Le 29 avril 2014, la Commission de l'économie et des redevances du Conseil des États a déposé la motion 14.3299 intitulée «Pour que les contribuables soumis partiellement à l'impôt à l'étranger puissent faire valoir les déductions générales et les déductions sociales». Cette motion charge le Conseil fédéral, lorsqu'il négocie des conventions en vue d'éviter les doubles impositions (CDI), de veiller à ce que les contribuables établis en Suisse et soumis partiellement à l'impôt à l'étranger puissent faire valoir entièrement les déductions générales et les déductions sociales.
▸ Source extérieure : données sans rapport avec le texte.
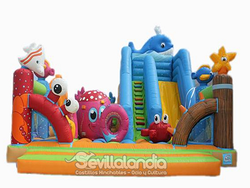 Sevillalandia Castillos Hinchables 2 Sevillalandia Castillos Hinchables 2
Cette motion porte sur la pratique de la Suisse qui veut que les déductions générales et les déductions sociales ne sont accordées qu'en proportion des revenus imposables en Suisse, et sur la conséquence que la part des déductions concernant les revenus imposables à l'étranger ne peut être demandée que dans la mesure où le droit étranger en vigueur prévoit cette possibilité.

Cette problématique a été abordée dans le rapport du 29 juillet 20131 en réponse au postulat 06.3570 du 5 octobre 2006 intitulé «Discrimination du personnel navigant suisse travaillant à l'étranger» qui a été déposé par le conseiller national Kaufmann.
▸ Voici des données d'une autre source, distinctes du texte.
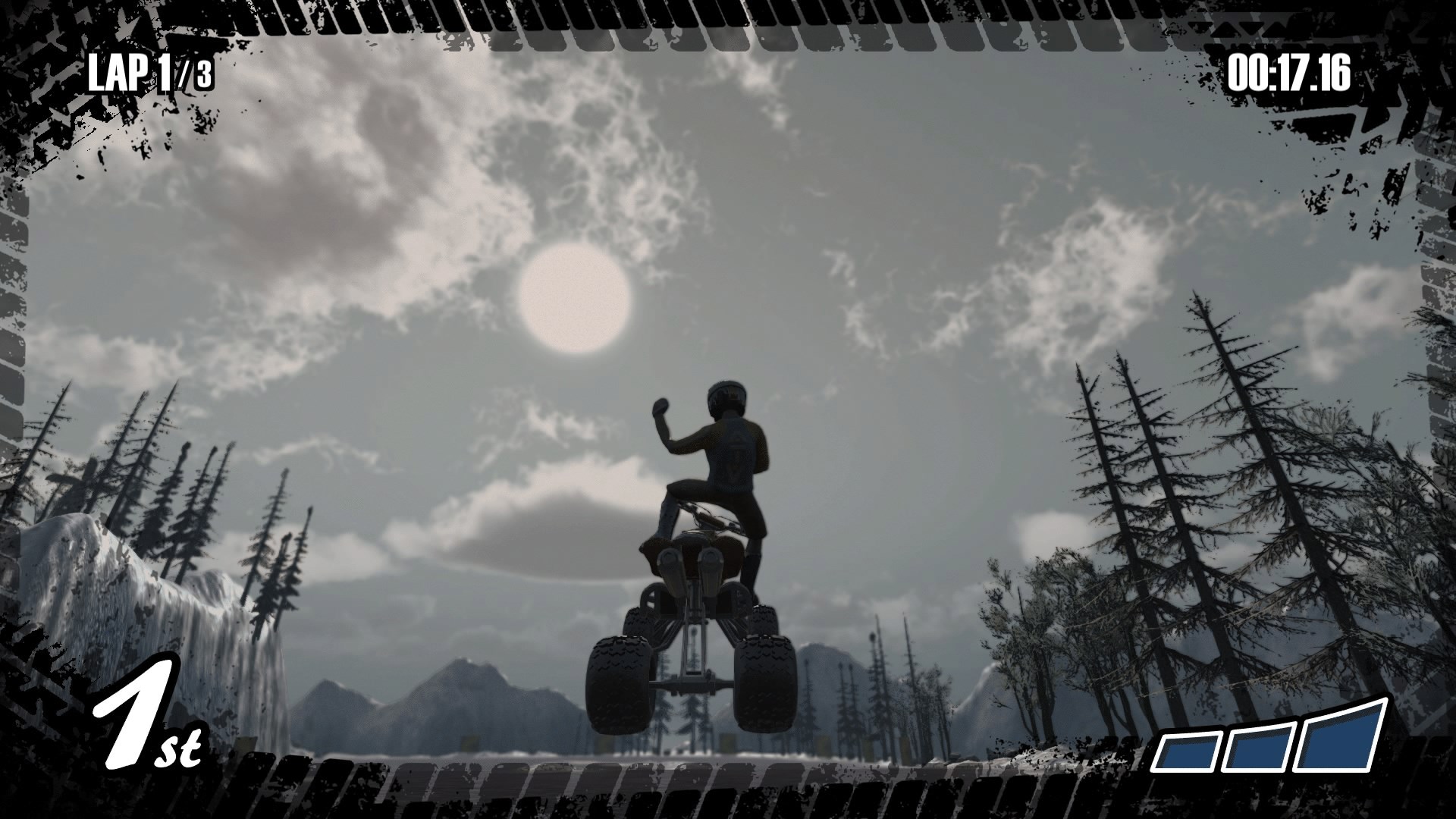 ATV Renegades. Изображение 2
Ce postulat concernait en particulier le revenu touché en Allemagne par le personnel navigant résidant en Suisse qui est soumis à l'imposition partielle en Allemagne.

La motion 13.4111 intitulée «Contribuables imposés partiellement à l'étranger. Prise en compte de la totalité des déductions générales et des déductions sociales», déposée par la conseillère aux États Keller-Sutter le 10 décembre 2013, visait à charger le Conseil fédéral de modifier la loi fédérale du 14 décembre 1990 sur l'impôt fédéral direct2 de telle sorte que les contribuables qui ont leur domicile en Suisse et sont imposés partiellement à l'étranger puissent faire valoir pleinement les déductions générales et les déductions sociales. D'après le développement de la motion, le contribuable ne peut souvent pas faire valoir les déductions à l'étranger et, en particulier, en Allemagne. La motion 13.4111 a été retirée en faveur de la présente motion 14.3299.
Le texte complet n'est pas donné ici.